The Carriage House Restaurant
Local chef steps in to revive a former Boothbay mainstay.
Nearly every day for five years, Kelly Farrin drove past the shuttered Carriage House Restaurant on his way to work at Primo in Rockland. He lived on Ocean Point in East Boothbay, a particularly scenic piece of land that juts into Linekin Bay. Having grown up in Boothbay, Farrin was familiar with the old restaurant that had sat vacant for the past 15 years. Before that, the Carriage House had been a popular gathering spot for locals since 1986, serving up simple coastal fare. “It always looked like a place that might suit me,” says Farrin. He kept turning over the possibilities in his mind, thinking, “How do I get myself in there? How can I make it better without offending its legacy?”
Farrin’s family has lived and worked in Boothbay for several generations, so he takes the idea of legacy quite seriously. His grandmother, Norma Smith, ran the Southport Yacht Club sailing program, where his mother, Robin Farrin, was an instructor. He and his brother spent summers there, navigating the waters of Cozy Harbor.
His father, Pat Farrin, is well known around town for his construction business. Kelly Farrin was a high school basketball standout who decided that culinary school was a better fit than a traditional college. Upon graduation, he wanted to get out of New England for a while and took a job in Key West. When he returned to Maine less than a year later, he landed at Azure Cafe in Freeport. In 2010, he took home the Harvest on the Harbor Festival’s Maine Lobster Chef of the Year title, no small feat in this state. “I grew up with everyone who has a lobster boat in this town,” he says. Looking to advance his career, Farrin sent an email to Melissa Kelly, owner and chef at Primo, saying, “I want to work for you.” He got a job as a line cook with Kelly, one of Maine’s most highly regarded chefs and a two- time James Beard Award winner. At Primo, Farrin learned the value and importance of teamwork. He came to appreciate the idea of utilizing every bit of a product, whether it’s a vegetable or an animal. And his passion for food intensified. “This was the real deal,” says Farrin. “It was fire and heat nonstop, all day. Melissa Kelly works harder than anyone I’ve ever met and pushes everyone to do better, every day.” Which raises the question: why would a young chef want to leave a place, and a mentor, like that?
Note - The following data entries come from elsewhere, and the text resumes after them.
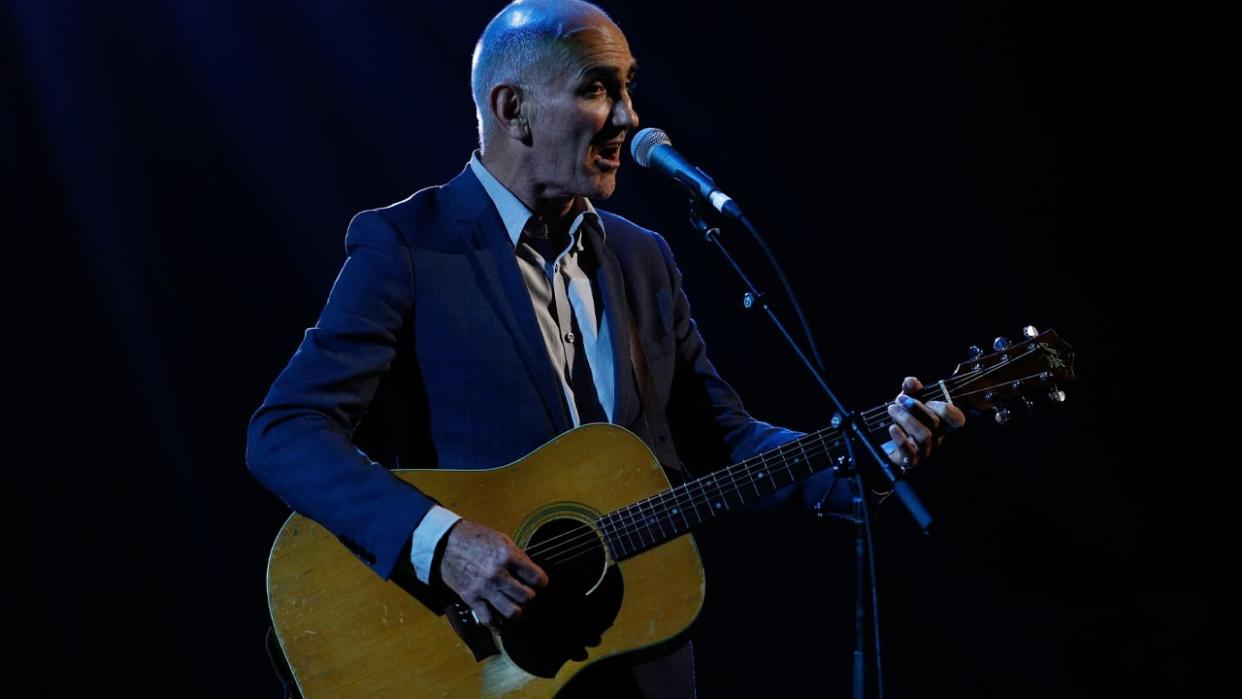 Paul Kelly Tops Aussie Charts With Christmas Album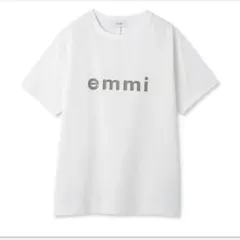 emmi ロゴプリント バックオープン Tシャツ ホワイトのサムネイル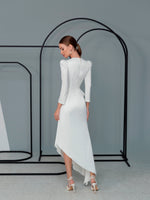 Vestido de noiva branco elegante midi de manga comprida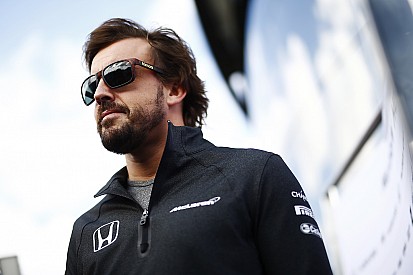 Зак Браун усомнился в желании Алонсо перейти в IndyCar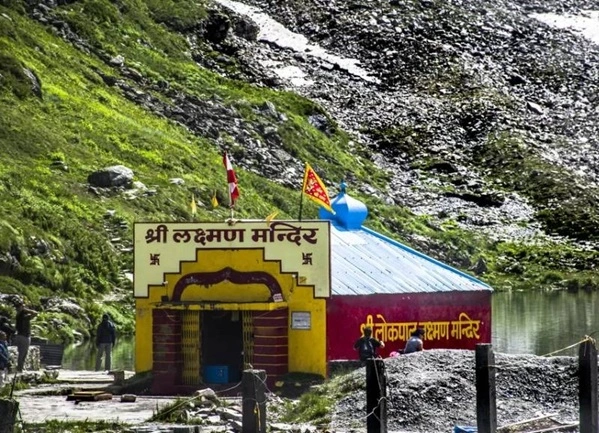 Laxman temple near Hemkund Sahib Gurudwara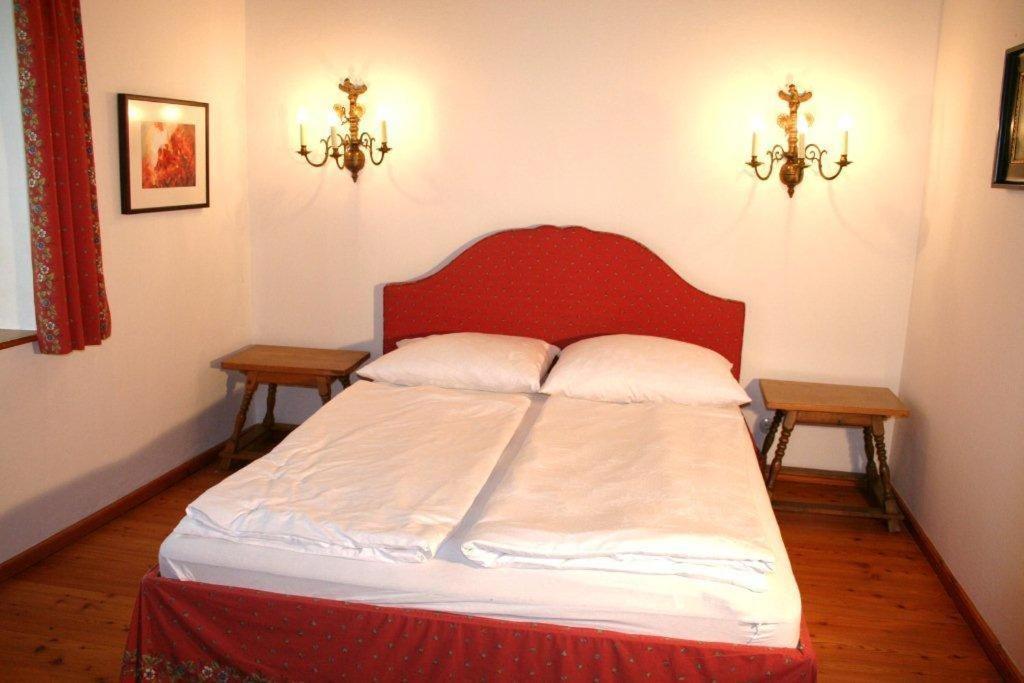 Hotel Gastehaus Schloss Bernau Fischlham Pokój zdjęcie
It all comes back to his hometown and his family, the memory of his mother and the respect of his father. “My dad is such a hard worker, and he motivates me to do the same,” he says. Farrin lost his mother in 2013, but the effort to make her proud drives her son to improve every day. “I’m learning how to blossom, how to put myself out there and shine,” he says. Buying the Carriage House was a leap of faith, and Farrin has a fear of failing. “But I can’t let that get to me,” he says. He purchased the place in April of 2016, after a nearly year-long negotiation with former owner George Bourette. That gave him just two months to get ready for the busy season: repairs, hiring, getting vendors in place, and all that goes with opening a restaurant. “Everything came together in a very small window of time. On opening night, everyone knew their jobs, we were prepared, and the parking lot was full,” he says. “It all happened so fast that people didn’t even realize we were open. But it turned out to be crazy right from the start, with a full house every night.”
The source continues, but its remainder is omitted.